_Stored records_
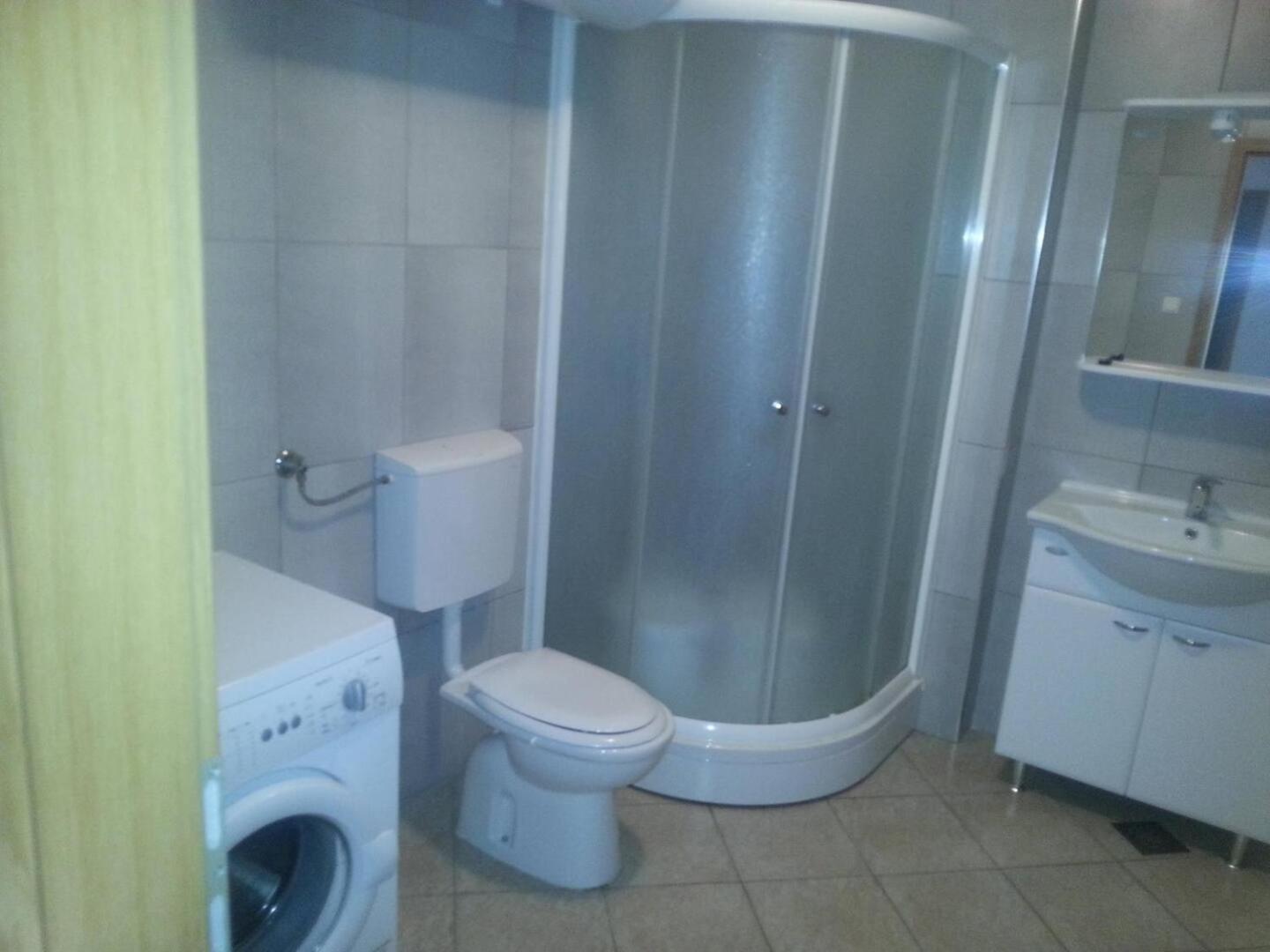 Sostanj Velenje Ravne Sobe Rooms Vrtacnik D O O Exterior foto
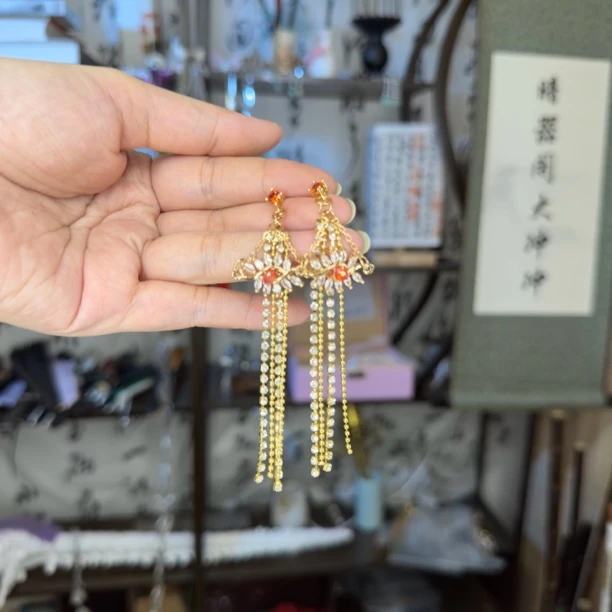 合金锆石耳饰 新款铜合金耳环长流苏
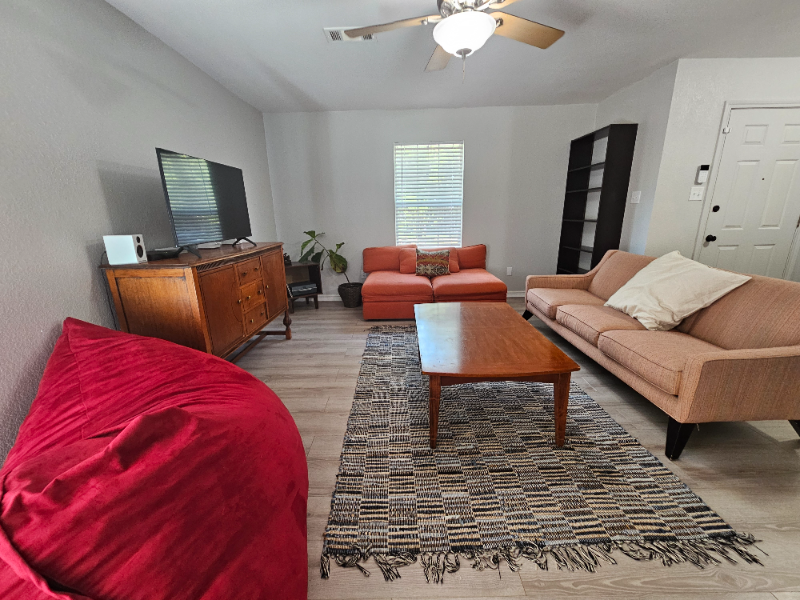 1408 Riverside Dr - Photo 3 of 8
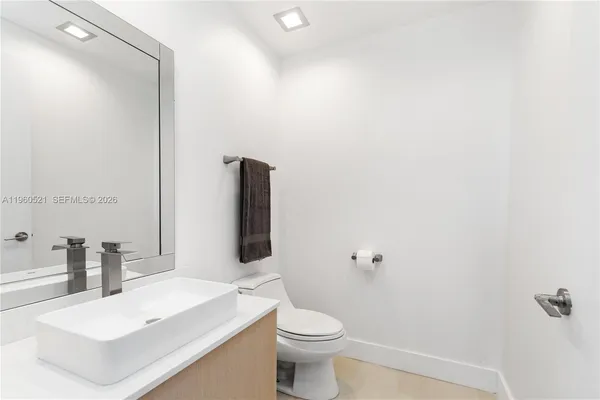 $1,440,000 | 300 South Pointe Drive, Unit 907, Miami Beach, FL 33139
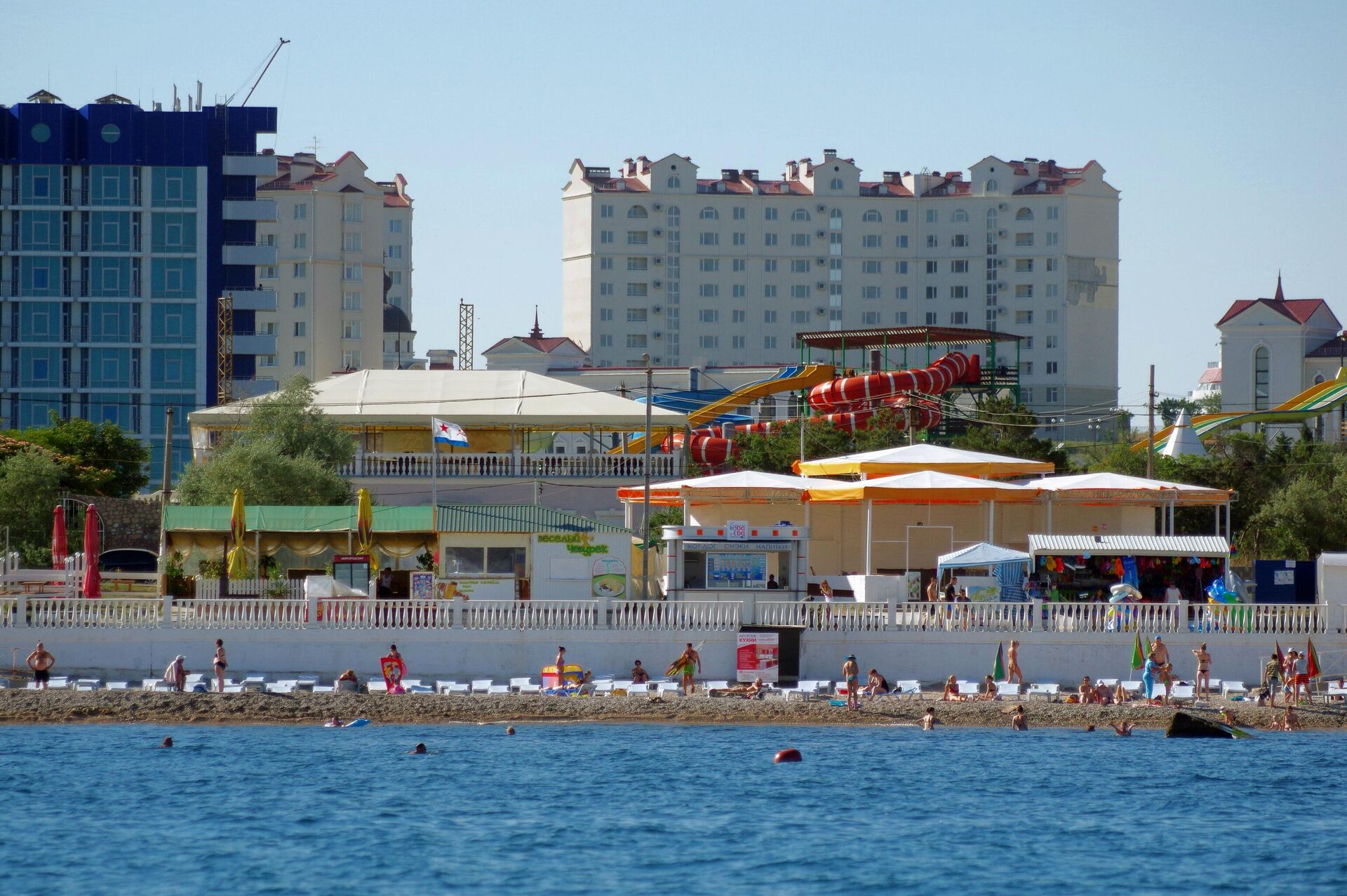 Отдыхающие на одном из пляжей города Севастополя - РИА Новости, 1920, 21.07.2022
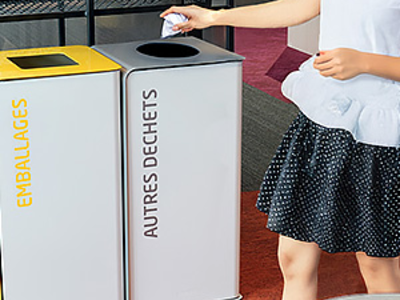 Image de POUBELLE ET CENDRIER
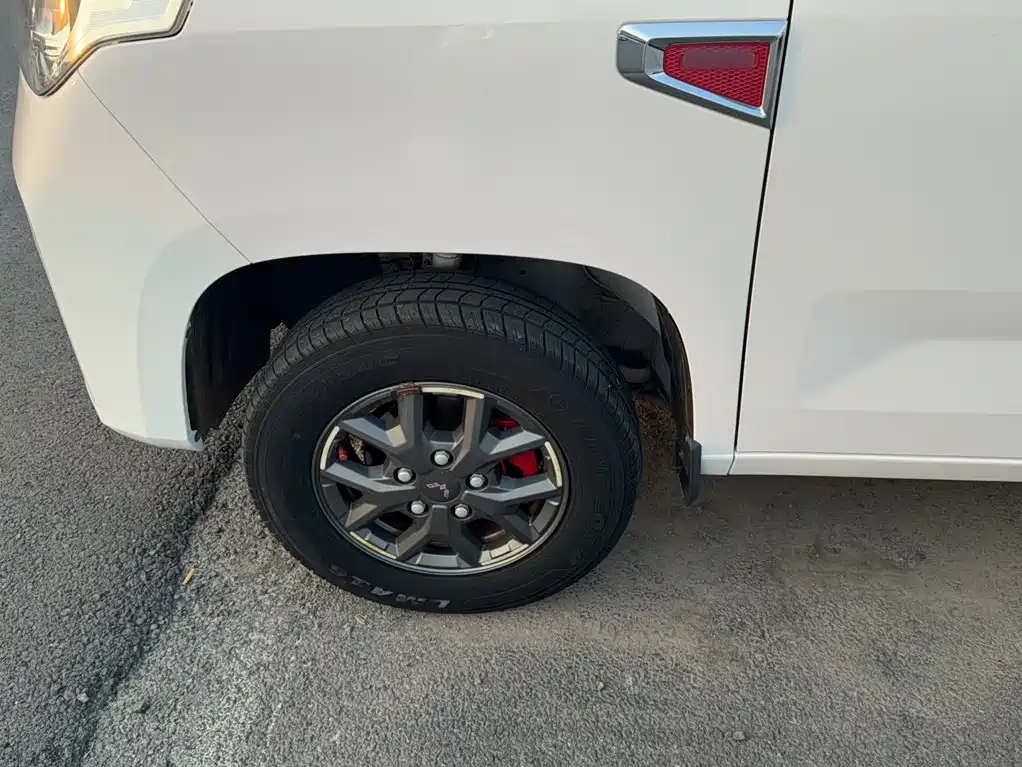 Wuling Journey — миниатюра 4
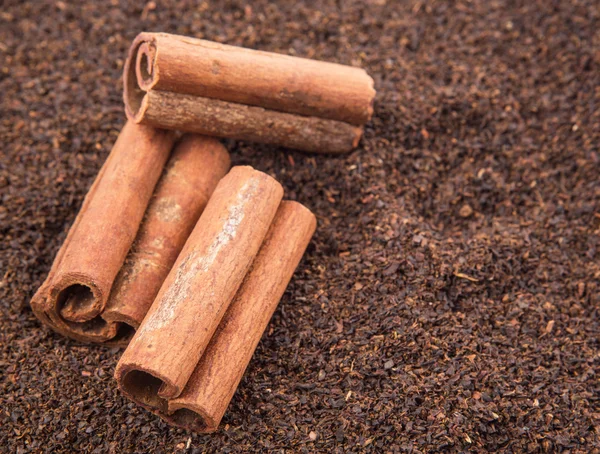 Cinnamon Stick On Dried Tea Leaves — Stock Photo, Image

_Your goal_
Write the entries above out again exactly, omitting each image.

_Written solution_
 Sostanj Velenje Ravne Sobe Rooms Vrtacnik D O O Exterior foto
 合金锆石耳饰 新款铜合金耳环长流苏
 1408 Riverside Dr - Photo 3 of 8
 $1,440,000 | 300 South Pointe Drive, Unit 907, Miami Beach, FL 33139
 Отдыхающие на одном из пляжей города Севастополя - РИА Новости, 1920, 21.07.2022
 Image de POUBELLE ET CENDRIER
 Wuling Journey — миниатюра 4
 Cinnamon Stick On Dried Tea Leaves — Stock Photo, Image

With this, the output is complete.